§ Source material
▼
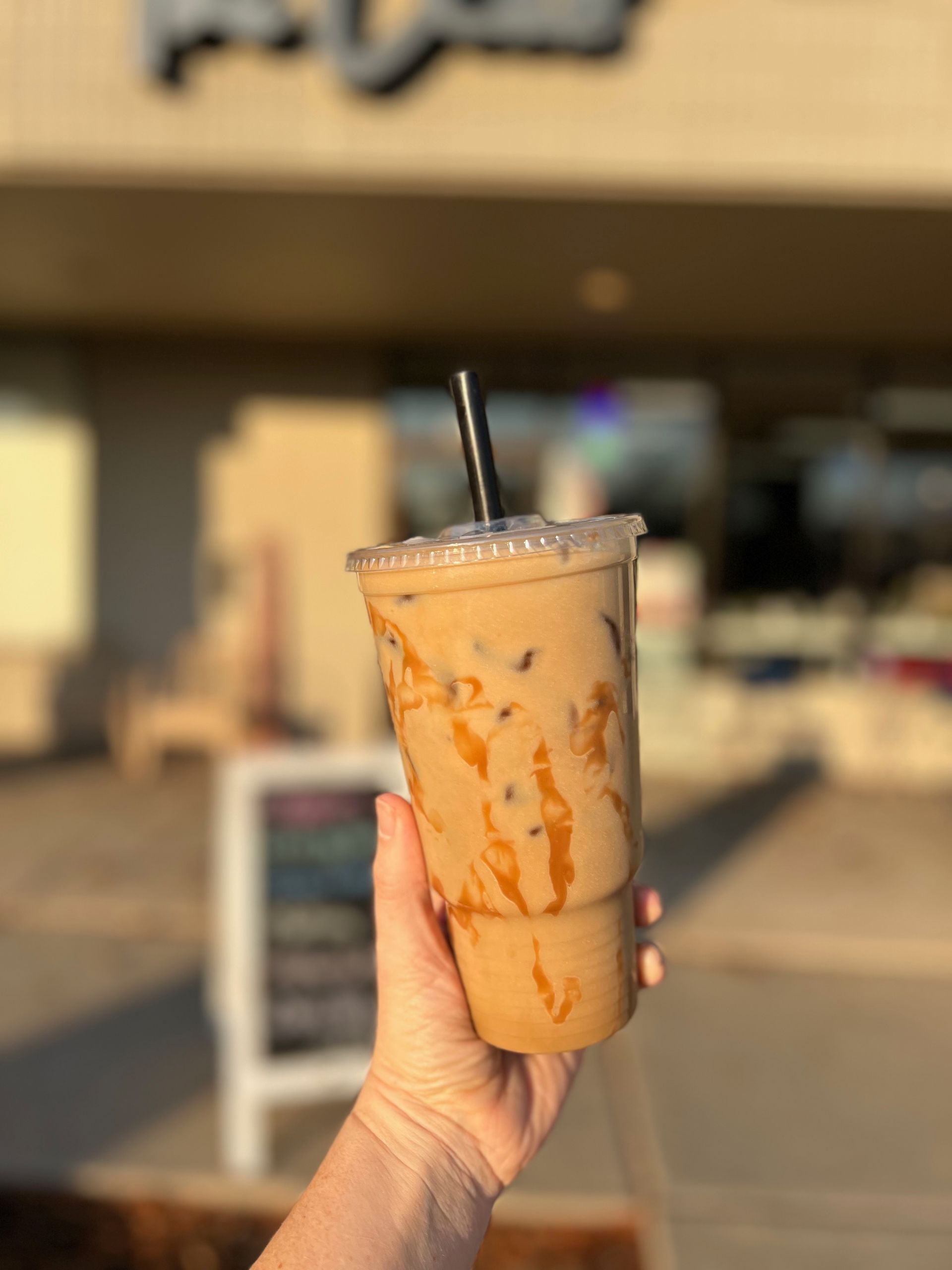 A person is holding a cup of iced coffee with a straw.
▲
▼
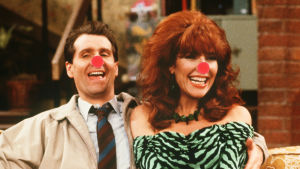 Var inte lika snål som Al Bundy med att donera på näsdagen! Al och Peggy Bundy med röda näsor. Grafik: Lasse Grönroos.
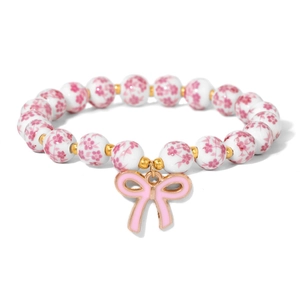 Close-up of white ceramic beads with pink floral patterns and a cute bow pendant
▲
§ What you should do
Above are the records; copy exactly the lines from the one with "Var inte lika" through the one with "Close-up of white", including both, and nothing more. Leave out pictures.

§ Task answer
 Var inte lika snål som Al Bundy med att donera på näsdagen! Al och Peggy Bundy med röda näsor. Grafik: Lasse Grönroos.
 Close-up of white ceramic beads with pink floral patterns and a cute bow pendant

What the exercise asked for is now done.